Now, if we treat the outer scope like a mutable this pointer (which it
probably essentially is underneath the hood), then bar can probably be
weakly pure, but we have to be very careful not to consider it strongly
pure in spite of the fact that it has no explicit, mutable arguments.
Contrast that with

int foo(const int[] a) pure { return a[0]; }

which is the same as your example save for the const, and that function
_can_ be strongly pure if it's passed an immutable array (dmd doesn't
currently take strong purity that far - it only treats immutable
parameters as strongly pure, not immutable arguments to const
parameters -but there's no reason why it couldn't). Your example can't
be strongly pure either way though, since its parameter is mutable.
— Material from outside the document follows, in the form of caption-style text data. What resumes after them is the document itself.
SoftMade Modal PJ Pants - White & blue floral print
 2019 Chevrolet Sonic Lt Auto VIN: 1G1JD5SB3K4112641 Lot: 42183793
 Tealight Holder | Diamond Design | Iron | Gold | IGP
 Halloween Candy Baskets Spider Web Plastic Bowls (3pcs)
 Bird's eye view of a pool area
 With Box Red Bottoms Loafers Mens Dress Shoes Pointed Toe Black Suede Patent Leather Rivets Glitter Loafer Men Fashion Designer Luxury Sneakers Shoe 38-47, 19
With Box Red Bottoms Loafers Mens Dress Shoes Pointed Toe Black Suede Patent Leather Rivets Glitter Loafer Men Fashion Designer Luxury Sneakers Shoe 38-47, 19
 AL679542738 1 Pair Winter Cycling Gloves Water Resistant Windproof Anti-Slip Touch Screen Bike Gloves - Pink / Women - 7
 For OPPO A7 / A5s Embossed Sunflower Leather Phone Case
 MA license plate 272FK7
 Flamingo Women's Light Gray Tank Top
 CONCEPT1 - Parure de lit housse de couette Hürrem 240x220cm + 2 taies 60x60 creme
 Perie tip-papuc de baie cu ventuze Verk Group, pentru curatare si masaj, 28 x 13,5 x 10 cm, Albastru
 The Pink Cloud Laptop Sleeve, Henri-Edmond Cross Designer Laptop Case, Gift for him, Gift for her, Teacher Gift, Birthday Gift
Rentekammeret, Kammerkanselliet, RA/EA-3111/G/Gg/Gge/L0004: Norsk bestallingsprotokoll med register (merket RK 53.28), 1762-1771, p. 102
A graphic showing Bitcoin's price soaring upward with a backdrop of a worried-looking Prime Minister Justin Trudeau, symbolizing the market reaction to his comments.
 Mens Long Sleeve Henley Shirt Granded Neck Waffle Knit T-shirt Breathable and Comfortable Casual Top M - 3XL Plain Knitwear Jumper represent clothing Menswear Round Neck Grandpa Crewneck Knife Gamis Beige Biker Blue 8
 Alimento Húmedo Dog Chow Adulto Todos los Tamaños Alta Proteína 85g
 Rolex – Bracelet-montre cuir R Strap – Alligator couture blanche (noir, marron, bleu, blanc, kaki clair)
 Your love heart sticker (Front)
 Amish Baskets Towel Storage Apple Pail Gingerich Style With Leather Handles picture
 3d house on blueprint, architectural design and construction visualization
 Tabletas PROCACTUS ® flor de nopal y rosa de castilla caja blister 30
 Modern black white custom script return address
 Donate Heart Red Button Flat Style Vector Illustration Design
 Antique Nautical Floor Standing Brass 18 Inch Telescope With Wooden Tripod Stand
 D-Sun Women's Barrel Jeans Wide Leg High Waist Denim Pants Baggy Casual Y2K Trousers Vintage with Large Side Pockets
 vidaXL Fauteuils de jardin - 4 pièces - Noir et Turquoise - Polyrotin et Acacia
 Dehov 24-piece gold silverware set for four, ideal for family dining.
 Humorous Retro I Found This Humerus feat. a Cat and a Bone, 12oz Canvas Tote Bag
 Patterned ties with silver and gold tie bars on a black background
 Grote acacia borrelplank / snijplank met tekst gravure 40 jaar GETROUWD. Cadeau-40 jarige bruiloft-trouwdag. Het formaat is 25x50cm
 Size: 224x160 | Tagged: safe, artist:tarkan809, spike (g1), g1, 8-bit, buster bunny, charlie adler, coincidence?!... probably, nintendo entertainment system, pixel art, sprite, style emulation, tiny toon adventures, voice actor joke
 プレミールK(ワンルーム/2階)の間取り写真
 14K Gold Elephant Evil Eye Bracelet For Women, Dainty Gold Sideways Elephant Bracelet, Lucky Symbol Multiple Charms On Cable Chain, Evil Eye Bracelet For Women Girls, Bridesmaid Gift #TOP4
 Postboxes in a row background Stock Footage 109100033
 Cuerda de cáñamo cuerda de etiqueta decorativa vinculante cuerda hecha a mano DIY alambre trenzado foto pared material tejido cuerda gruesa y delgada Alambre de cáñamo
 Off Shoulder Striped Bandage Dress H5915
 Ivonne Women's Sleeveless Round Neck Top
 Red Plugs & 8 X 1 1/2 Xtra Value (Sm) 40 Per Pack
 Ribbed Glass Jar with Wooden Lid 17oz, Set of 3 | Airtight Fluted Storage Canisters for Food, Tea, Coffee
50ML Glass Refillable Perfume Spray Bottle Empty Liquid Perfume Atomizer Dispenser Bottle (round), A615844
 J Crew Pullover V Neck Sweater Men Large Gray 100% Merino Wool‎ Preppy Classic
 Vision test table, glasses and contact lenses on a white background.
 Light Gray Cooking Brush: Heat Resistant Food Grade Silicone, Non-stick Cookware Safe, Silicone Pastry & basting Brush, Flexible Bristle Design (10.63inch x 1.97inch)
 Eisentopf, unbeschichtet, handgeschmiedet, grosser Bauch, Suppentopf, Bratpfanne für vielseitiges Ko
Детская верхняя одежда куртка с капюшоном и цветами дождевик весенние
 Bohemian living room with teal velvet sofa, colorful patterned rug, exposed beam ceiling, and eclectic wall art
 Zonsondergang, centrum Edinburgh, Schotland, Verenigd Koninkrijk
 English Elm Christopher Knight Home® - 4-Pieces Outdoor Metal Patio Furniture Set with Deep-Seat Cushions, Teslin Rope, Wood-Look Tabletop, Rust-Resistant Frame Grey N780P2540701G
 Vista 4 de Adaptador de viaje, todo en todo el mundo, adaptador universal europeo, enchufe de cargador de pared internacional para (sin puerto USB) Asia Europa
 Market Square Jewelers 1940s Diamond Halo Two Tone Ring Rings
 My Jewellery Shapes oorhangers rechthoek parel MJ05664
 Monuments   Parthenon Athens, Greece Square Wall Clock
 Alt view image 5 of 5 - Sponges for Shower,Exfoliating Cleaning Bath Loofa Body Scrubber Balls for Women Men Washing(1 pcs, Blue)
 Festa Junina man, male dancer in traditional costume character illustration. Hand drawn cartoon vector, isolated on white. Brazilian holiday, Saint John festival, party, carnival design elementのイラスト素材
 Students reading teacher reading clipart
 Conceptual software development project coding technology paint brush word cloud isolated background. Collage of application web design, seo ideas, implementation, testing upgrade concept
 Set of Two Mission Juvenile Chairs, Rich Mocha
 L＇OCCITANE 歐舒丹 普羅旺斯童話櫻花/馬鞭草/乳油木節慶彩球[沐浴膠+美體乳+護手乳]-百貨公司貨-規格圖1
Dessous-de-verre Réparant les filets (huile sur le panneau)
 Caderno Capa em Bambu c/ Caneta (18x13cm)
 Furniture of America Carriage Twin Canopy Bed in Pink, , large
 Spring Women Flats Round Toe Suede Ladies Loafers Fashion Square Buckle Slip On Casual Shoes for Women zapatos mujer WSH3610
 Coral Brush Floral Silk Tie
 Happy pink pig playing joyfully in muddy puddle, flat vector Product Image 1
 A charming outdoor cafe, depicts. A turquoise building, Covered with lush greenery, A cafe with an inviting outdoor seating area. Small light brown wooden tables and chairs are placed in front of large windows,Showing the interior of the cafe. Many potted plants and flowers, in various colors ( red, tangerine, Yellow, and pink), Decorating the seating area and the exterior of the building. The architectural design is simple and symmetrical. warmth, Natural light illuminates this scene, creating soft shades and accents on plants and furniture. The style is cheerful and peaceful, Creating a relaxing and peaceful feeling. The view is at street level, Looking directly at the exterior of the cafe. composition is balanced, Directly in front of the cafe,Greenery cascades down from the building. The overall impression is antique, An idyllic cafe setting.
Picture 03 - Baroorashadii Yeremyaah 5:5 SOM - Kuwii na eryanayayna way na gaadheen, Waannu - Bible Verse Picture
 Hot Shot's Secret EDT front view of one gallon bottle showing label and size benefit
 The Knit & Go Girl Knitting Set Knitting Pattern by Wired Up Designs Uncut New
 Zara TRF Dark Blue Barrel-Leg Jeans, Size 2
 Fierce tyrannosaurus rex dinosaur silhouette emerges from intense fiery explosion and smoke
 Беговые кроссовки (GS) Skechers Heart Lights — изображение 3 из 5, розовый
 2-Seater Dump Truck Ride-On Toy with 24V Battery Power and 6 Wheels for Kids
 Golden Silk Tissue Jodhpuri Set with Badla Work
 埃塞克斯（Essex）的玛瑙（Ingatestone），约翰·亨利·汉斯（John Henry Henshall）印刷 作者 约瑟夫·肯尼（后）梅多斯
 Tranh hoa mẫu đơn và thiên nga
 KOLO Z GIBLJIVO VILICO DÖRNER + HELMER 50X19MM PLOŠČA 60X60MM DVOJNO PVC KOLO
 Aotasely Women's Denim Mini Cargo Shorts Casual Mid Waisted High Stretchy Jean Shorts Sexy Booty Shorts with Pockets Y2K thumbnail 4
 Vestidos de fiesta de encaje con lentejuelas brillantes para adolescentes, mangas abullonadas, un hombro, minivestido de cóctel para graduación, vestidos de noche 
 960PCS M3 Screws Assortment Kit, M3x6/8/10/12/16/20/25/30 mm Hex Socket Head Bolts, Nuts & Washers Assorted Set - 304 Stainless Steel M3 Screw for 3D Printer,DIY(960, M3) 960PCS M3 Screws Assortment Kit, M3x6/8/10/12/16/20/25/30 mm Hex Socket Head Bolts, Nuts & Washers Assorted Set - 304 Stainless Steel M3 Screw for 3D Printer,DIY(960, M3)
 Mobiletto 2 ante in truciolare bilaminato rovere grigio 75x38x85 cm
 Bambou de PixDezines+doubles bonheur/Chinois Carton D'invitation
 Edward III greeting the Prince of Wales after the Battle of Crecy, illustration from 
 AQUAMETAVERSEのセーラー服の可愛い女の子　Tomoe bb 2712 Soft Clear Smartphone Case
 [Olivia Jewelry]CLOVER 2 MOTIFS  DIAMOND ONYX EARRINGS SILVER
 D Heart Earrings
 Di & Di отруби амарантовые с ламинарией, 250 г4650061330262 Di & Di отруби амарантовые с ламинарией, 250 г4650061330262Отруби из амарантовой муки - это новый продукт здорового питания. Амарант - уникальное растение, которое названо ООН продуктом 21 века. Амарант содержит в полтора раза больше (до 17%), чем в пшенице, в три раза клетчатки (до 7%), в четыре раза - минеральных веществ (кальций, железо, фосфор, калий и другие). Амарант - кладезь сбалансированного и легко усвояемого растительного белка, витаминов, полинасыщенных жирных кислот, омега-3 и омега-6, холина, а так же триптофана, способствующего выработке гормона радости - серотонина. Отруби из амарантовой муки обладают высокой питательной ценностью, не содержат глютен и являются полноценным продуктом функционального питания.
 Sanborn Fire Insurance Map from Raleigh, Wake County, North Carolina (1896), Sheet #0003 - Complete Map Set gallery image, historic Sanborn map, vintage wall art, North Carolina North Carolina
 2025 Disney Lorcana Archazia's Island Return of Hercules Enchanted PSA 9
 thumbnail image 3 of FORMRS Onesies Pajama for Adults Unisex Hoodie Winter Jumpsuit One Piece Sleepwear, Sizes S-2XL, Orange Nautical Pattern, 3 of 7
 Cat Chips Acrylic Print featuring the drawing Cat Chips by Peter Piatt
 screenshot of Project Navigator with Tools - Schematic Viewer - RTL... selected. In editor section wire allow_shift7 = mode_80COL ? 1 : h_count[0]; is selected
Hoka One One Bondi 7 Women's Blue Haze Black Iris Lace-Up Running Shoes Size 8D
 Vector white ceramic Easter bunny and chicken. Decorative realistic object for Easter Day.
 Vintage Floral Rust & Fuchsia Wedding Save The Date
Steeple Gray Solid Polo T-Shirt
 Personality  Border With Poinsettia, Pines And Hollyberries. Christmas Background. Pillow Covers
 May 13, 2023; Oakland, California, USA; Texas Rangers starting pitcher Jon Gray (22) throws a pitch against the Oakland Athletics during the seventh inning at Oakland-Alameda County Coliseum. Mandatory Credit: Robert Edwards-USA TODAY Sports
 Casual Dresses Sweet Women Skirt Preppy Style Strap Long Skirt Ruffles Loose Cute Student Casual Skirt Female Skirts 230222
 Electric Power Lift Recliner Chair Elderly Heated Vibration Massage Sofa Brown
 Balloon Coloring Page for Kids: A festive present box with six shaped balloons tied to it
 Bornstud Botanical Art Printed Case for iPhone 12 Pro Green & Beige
In any case, I think that bearophile's example is subtly different
from yours, though I think that we can make it weakly pure if we're
very careful about how we handle the outer scope. However, I'm not sure
that treating it as weakly pure buys us anything except in the case
where we're trying to make the outer function pure as well.